Per gli Usa, secondo i dati forniti dal congresso, saranno necessarie tasse ulteriori per 6.000 dollari a famiglia a causa della necessità poste dal deficit, e possiamo immaginare che in caso di esito negativo o con il prolungarsi nel tempo della guerra, possa ulteriormente aggravarsi la situazione.

La Resistenza Irachena assume così la duplice importanza di rappresentare da una parte il naturale riferimento per le masse irachene e di tutta l’area per aver dimostrato che l’imperialismo, in questo caso gli Usa, può essere fermato dalla lotta armata di resistenza; dall’altra assume la funzione di rendere ancor più visibile all’interno dei paesi imperialisti le ulteriori conseguenze, in termini di peggioramento delle condizioni dovute alla guerra, di una crisi alla quale la BI tenta di trovare una soluzione attraverso la guerra stessa.
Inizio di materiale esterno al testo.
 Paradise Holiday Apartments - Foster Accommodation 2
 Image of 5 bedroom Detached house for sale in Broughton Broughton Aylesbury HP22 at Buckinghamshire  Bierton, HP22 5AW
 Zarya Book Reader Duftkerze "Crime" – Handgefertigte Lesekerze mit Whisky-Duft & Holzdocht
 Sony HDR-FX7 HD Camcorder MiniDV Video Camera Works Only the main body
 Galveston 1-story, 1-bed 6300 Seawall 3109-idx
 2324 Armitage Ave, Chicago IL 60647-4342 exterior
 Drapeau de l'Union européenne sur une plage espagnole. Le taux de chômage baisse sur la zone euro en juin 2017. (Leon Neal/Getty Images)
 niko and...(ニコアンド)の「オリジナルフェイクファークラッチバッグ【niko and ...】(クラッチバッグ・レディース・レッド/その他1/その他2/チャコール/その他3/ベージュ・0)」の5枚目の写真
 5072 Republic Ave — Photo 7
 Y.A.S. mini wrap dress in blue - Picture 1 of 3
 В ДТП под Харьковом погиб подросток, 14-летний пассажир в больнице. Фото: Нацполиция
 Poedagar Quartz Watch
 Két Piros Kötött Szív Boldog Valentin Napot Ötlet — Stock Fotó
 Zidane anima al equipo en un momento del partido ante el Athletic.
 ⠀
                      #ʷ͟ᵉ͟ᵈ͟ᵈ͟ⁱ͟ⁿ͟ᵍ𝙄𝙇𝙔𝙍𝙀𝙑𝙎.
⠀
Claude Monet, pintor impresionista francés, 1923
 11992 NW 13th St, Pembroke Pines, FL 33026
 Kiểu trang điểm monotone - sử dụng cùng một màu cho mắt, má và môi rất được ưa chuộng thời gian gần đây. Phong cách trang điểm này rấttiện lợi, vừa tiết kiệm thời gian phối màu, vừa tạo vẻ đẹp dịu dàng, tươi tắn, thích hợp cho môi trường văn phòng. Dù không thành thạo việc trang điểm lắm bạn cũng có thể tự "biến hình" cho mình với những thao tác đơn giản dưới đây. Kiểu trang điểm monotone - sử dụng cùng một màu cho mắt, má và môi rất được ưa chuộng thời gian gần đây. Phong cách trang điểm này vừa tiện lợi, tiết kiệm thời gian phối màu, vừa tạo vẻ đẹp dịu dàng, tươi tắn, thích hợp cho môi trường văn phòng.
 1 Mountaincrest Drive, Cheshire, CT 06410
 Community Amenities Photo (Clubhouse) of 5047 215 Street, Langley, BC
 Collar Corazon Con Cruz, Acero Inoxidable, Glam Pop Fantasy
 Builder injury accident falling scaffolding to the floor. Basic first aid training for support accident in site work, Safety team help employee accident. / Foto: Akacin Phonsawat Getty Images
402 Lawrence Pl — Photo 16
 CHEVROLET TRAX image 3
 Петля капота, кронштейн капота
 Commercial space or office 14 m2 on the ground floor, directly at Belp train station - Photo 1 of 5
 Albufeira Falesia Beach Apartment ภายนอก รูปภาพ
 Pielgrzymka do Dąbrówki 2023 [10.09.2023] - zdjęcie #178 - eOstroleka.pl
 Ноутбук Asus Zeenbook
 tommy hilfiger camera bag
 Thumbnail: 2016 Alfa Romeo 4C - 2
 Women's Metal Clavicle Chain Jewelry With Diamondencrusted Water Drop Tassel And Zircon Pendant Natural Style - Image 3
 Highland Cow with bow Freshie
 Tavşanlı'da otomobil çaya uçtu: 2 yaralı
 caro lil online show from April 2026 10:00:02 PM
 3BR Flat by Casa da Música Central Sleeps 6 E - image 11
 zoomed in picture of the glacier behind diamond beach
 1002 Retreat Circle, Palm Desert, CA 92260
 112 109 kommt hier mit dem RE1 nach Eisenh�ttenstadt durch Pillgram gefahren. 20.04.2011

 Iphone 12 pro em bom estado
La certezza di questa affermazione va ricercata nel fatto che i continui attacchi della resistenza, i sabotaggi alla rete di distribuzione del petrolio, gli attentati ai rappresentanti delle aziende che si dovrebbero spartire la ricostruzione, rendono praticamente impossibile compensare, attraverso una valorizzazione dei capitali, i costi che i bilanci statali devono accollarsi, producendo le condizioni per un possibile effetto a catena sulle economie dei paesi imperialisti. In questo modo migliorano le condizioni per determinare dall’interno delle stesse metropoli un primo passaggio, possibile anche all’interno di un conflitto con queste caratteristiche (e non solo in improbabili e speriamo impossibili scenari di guerra mondiale “classica”): il passaggio da conflitto imperialista a lotta di classe. Condizione che può determinarsi solo attraverso la presa di coscienza da parte delle soggettività politiche della responsabilità storica a cui sono chiamate a rispondere.